A nested case–control study in the Blue Mountains Eye Study (BMES) cross–section II population (n=3509, 75% of BMES I survivors and 85.2% of newly eligible residents) included 159 early and 38 late ARM cases and 433 controls matched for age, gender and smoking status. ARM was assessed from retinal photographs using the Wisconsin ARM grading system. Serum markers assessed included high–sensitivity C–reactive protein (hsCRP), interleukin–6 (IL–6), soluble intercellular adhesion molecule–1 (sICAM–1), white cell count (WCC) with differentials, von Willebrand factor antigen (vWF:Ag), collagen binding assay (vWF:CB), plasminogen activator inhibitor–1 (PAI–1), homocysteine and fibrinogen. Mean comparisons were made after adjusting for age, sex, BMI, current smoking, hypertension, history of stroke and cardiovascular events. Serum markers were assessed continuously (per SD) for associations with ARM, after adjustment.

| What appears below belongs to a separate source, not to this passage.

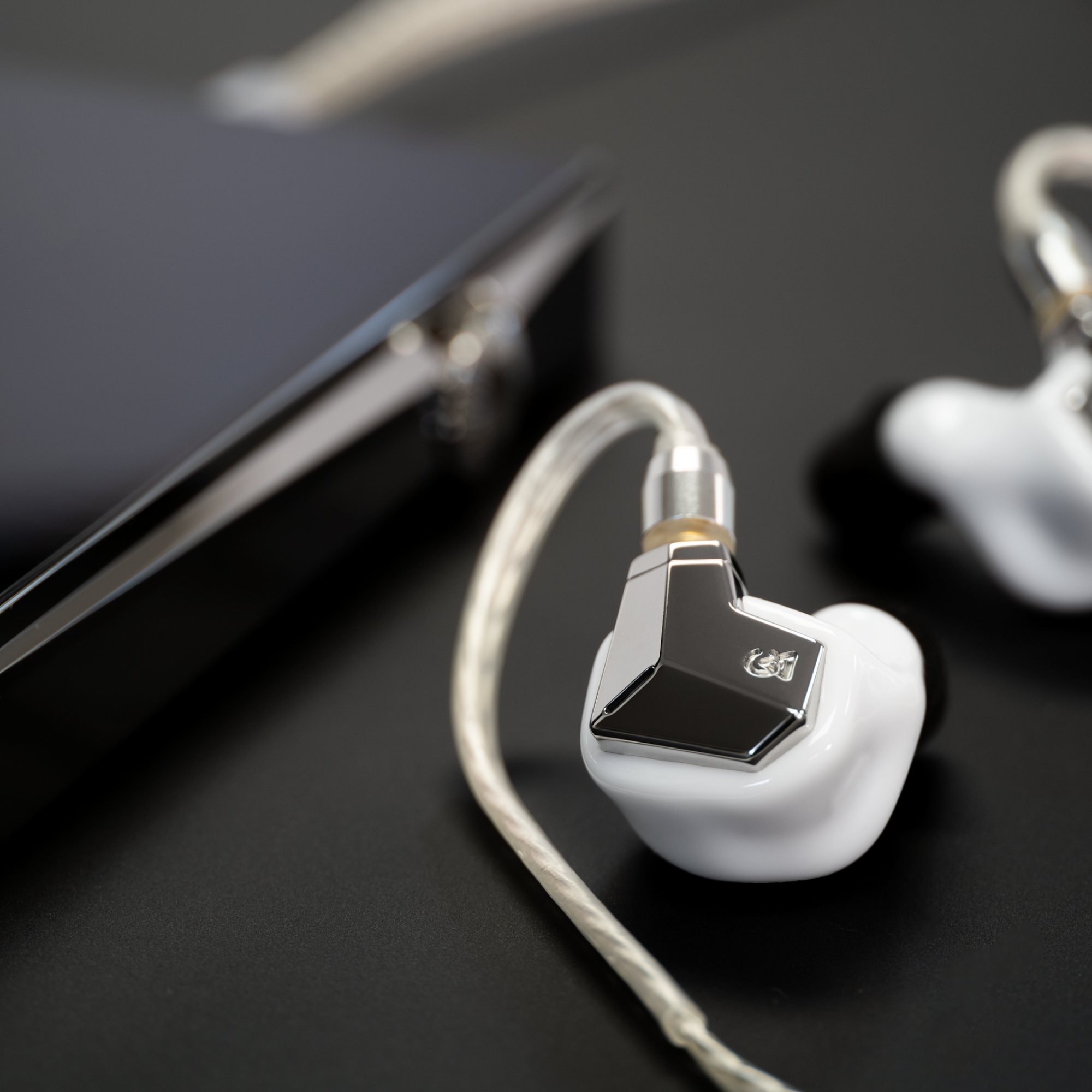 Supermoon – Campfire Audio Supermoon – Campfire Audio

A significantly lower mean level of basophils was found in participants with any ARM (mean 0.03 vs 0.04 x 109 cells/L in controls, p=0.007). Likelihood of having late (OR 0.6, CI 0.4–1.0) or early (OR 0.8, CI 0.6–0.9) was reduced per SD increase in basophils. A higher mean level of neutrophils (4.34 vs 3.78 x 109 cells/L, p=0.01) and monocytes (0.56 vs 0.47x109 cells/L, p=0.004) was found in subjects with late but not early ARM, compared to controls. Likelihood of late ARM increased per SD increase in neutrophils (OR 1.3, CI 0.96–1.8) and monocytes (OR 1.4, CI 1.0–1.8). Mean sICAM–1 was higher in subjects with late (437.0 vs 388.8 ng/ml, per SD OR 1.3 CI 0.98–1.7) and early ARM (397.7 ng/ml, OR 1.04, CI 0.86–1.26). Mean PAI–1 level was higher in participants with early (86.8 vs 82.7 ng/ml, p=0.04, per SD OR 1.2 CI 1.0–1.4) and late ARM (91.3 ng/ml, p=0.02, OR 1.3 CI 0.9–1.9). No significant associations were found for other markers assessed and either early or late ARM.
In this population–based nested case–control study we could not demonstrate a consistent pattern of significant association between haemostatic factors or inflammatory markers, including CRP, and the prevalence of either early or late–stage ARM.